Lire l'article de Raphaël Baptiste, "Koltès, écrivain", dans L'Alchimie du verbe, 19 février 2018




Pierre-Edouard Peillon, Le Nouveau Magazine littéraire, mars 2018

Bernard-Marie Koltès, la vie d’un incendie

La première réelle biographie de l'auteur qui brûla les planches françaises dans les années 1980.

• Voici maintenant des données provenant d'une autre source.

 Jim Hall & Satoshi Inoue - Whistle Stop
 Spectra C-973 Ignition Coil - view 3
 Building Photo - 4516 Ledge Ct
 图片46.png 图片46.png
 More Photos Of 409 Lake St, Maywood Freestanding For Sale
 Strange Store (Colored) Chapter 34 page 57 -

Au sujet de Bernard-Marie Koltès, on répète souvent les mêmes lieux communs : « étoile filante » du théâtre, « météore » de la littérature des années 1980... Son visage juvénile, forcément « rimbaldien », la reconnaissance médiatique relativement tardive, le sida, et sa mort précoce en 1989, à l'âge de 41 ans : nombreux éléments participent à façonner cette image d'artiste fauché en pleine ascension et entretiennent le sentiment d'inachèvement qui entoure son œuvre. Mais, à mieux y regarder avec l'aide de la première biographie digne d'intérêt de l'écrivain, Bernard-Marie Koltès fut moins une présence éphémère dans le ciel littéraire français qu'un soleil noir rayonnant d'oxymores encore aujourd’hui : fils de bourgeois messins se rêvant loubard cosmopolite, tendre rebelle, contemplatif jouant à se faire peur pendant ses nombreux voyages, dramaturge composant ses pièces à la manière d’un romancier au point qu’elles furent souvent publiées avant d’être jouées.

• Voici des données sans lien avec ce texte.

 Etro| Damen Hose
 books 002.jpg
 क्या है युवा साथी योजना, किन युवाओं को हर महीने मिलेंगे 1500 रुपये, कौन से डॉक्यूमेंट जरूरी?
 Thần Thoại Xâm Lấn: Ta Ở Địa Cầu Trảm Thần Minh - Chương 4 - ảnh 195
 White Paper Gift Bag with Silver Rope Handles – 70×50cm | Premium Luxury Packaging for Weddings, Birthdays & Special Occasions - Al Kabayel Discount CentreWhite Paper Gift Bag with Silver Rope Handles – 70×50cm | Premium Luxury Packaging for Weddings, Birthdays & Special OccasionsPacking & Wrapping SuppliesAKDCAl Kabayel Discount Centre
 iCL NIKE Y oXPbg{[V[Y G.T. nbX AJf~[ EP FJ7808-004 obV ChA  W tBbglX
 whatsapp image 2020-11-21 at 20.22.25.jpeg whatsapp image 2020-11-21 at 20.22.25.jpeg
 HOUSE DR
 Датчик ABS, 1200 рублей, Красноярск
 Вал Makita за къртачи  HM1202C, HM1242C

Condensée en vingt ans, la carrière de Bernard-Marie Koltès connaît, elle aussi, des contrastes : deux périodes distinctes, pratiquement opposées à la manière de grandeurs inversement proportionnelles. Dans les années 1970, les hauts et (surtout) les bas que peut connaître un jeune dramaturge persévérant mais craignant de ne pas réussir à s’imposer ; dans les années 1980, le succès soudain grâce au soutien de Patrice Chéreau qui rouvrit le Théâtre des Amandiers en 1983 avec Combat de nègre et de chiens.
« S’engager dans le théâtre »
Tout commença un soir de janvier 1968 : Koltès a 19 ans et vit comme un appel sacerdotal l’émotion intense que lui procure la performance de Maria Casarès dans Medea de Sénèque mis en scène par Jorge Lavelli. Il choisit de « s’engager dans le théâtre », de renoncer à ses études, afin « d’en finir avec une certaine vie, et de refuser la vie salariée», ainsi que le formule son biographe. Cette vocation radicale contient toute la conception que Koltès se fera du théâtre, relevant simultanément de l’existence et de l’art.

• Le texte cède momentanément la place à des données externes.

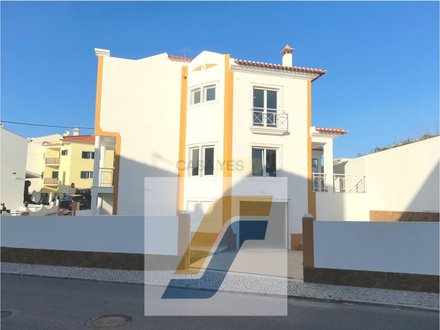 4 bedrooms House in Ericeira, Portugal No. 151476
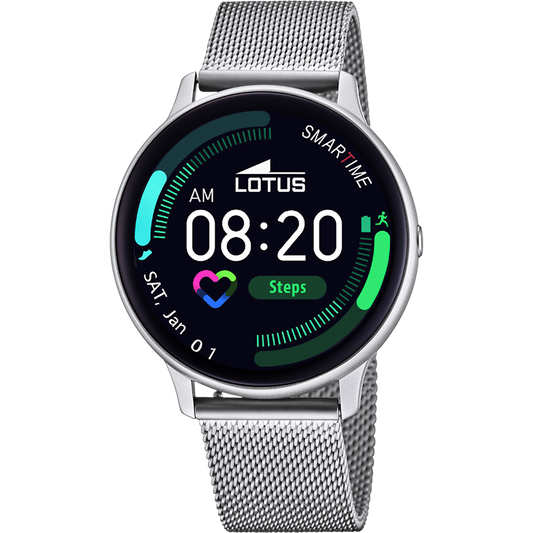SMARTWATCH 50014/1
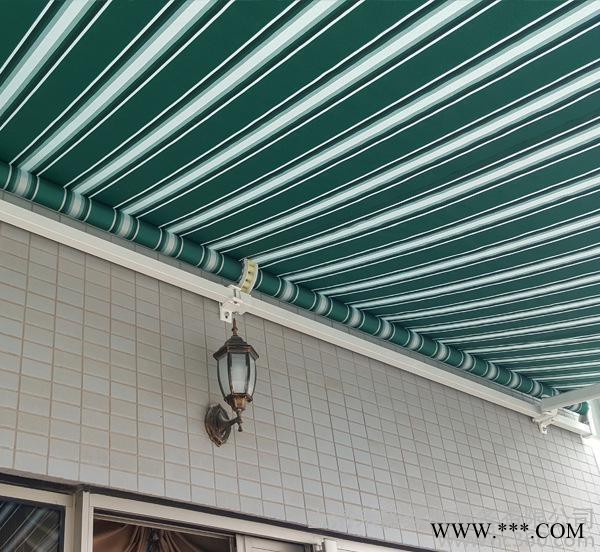 遮阳棚遮阳蓬遮阳篷雨棚雨蓬雨篷雨搭凉棚遮阳伞太阳伞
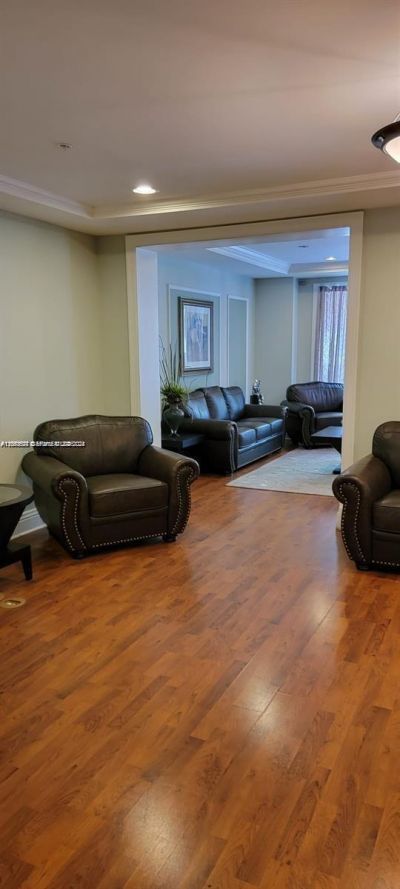Please Call For Address, Unit 110B, Hollywood, FL 33020 Photo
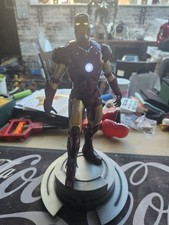 Kotobukiya Iron Man Limited Edition Statue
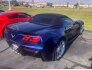 2017 Chevrolet Corvette for sale 101633595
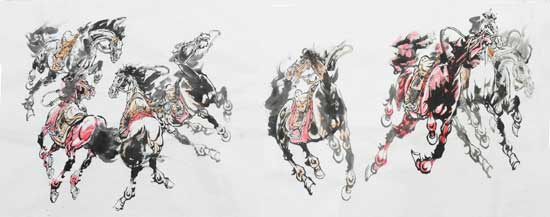 点击新窗口打开大图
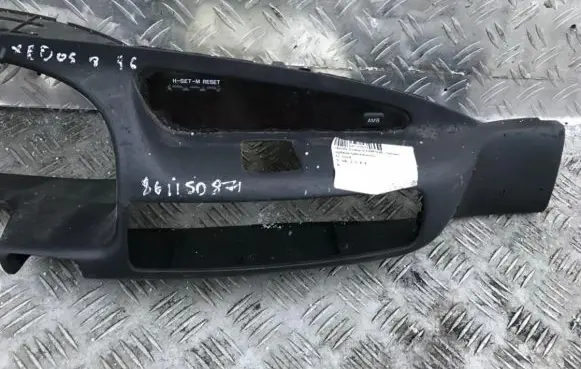 Mazda Xedos 9 Screen/display/small screen 1464303722 146430-3722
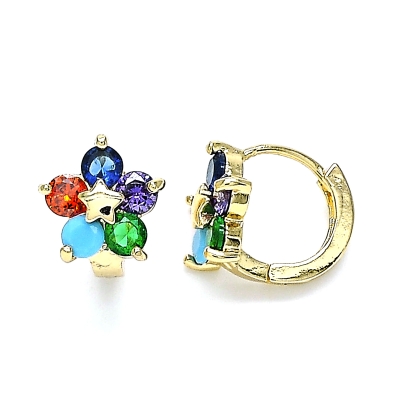 144906 - 02.210.0611.4.12 | Hoops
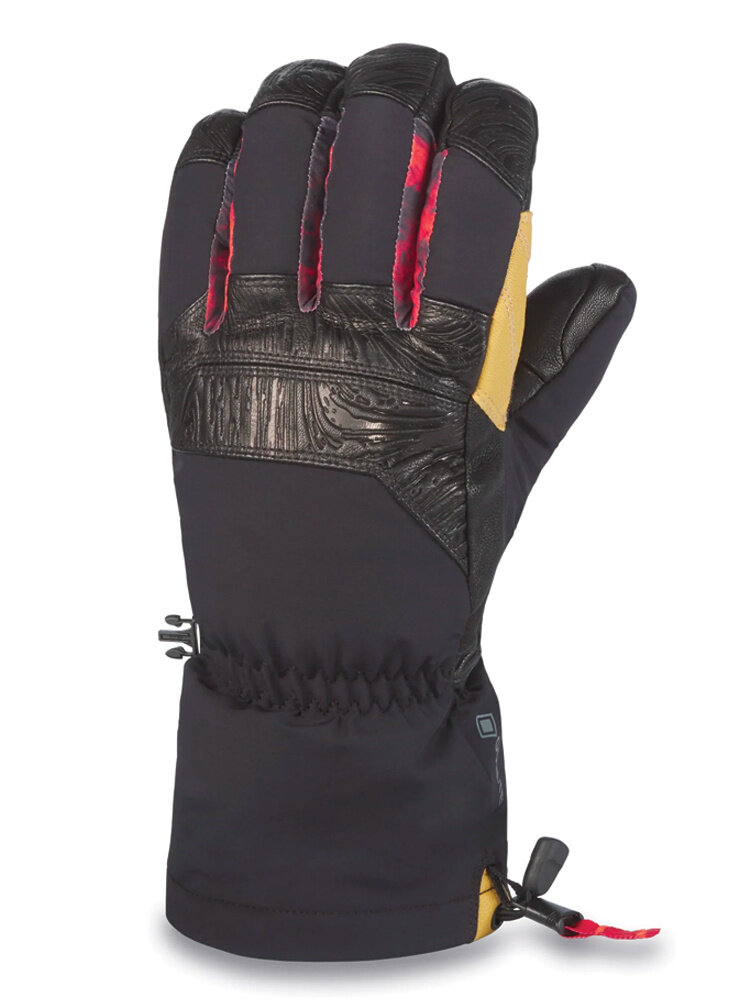 Dakine Dakine Team Excursion Gore-TexGlove Sammy C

C’est aussi tout l’immense mérite de la monographie d’Arnaud Maïsetti : adosser de passionnantes analyses de l’œuvre de Koltès aux épisodes de sa vie et, inversement, raconter cette vie comme le creuset d’une œuvre. Dans toutes les pièces du dramaturge, particulièrement à partir de La Nuit juste avant les forêts jusqu’à Roberto Zucco, on trouve un « étrange rapport à l’inscription du réel dans sa faculté à devenir allégorie de tous les mondes », un « onirisme concret » et une « architecture d’évidence et d’énigme ». C’est que Koltès s’appliquait moins à « fabriquer une pièce que la rencontrer dans la vie ».